The above code should be relatively easy to follow if you compare it with the original PyTorch implementations. Triton abstracts a lot of stuff that’s happening under-the-hood. The most tricky thing about converting the PyTorch functions to Triton kernels is handling handling the “previous diagonal value” problem. Thinking in CUDA terms, each of our $T_j$ values are being processed in separate threads, each of which we will denote $j$ , over $T_i$ timesteps, each of which we will denote $i$ . A given value for node $(i, j)$ depends on the values for $(i - 1, j)$ and $(i - 1, j - 1)$ . We don’t have to worry about the value $(i - 1, j)$ since that value was computed in the same thread, but we do have to worry about the value $(i - 1, j - 1)$ because it was computed in a different thread, meaning we will have to communicate between threads.

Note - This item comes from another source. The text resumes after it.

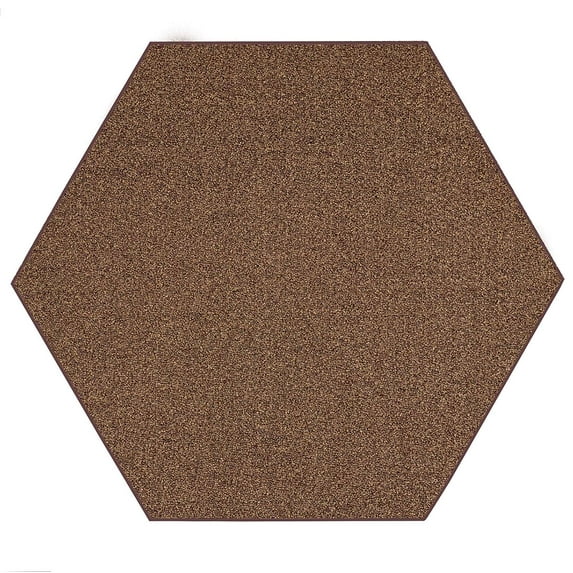 Outdoor Artificial Turf Chestnut Area Rugs With Premium Non Skid backing Great for Decks, Patio's & Gazebo's to Pools, Docks & Boats and other outdoor recreational purposes 2' Hexagon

In my mental model of Triton, it should handle this inter-thread communication for us. If we were doing this in CUDA, we keep our values in shared memory, and use __syncthreads() after writing to shared memory to ensure that we don’t have any synchronization issues. This depends on our block size being larger than $T_j$ , but this is a reasonable expectation because we expect $T_i >> T_j$ for most problems we deal with. The CUDA kernels above will probably have some unexpected behavior for longer sequence lengths.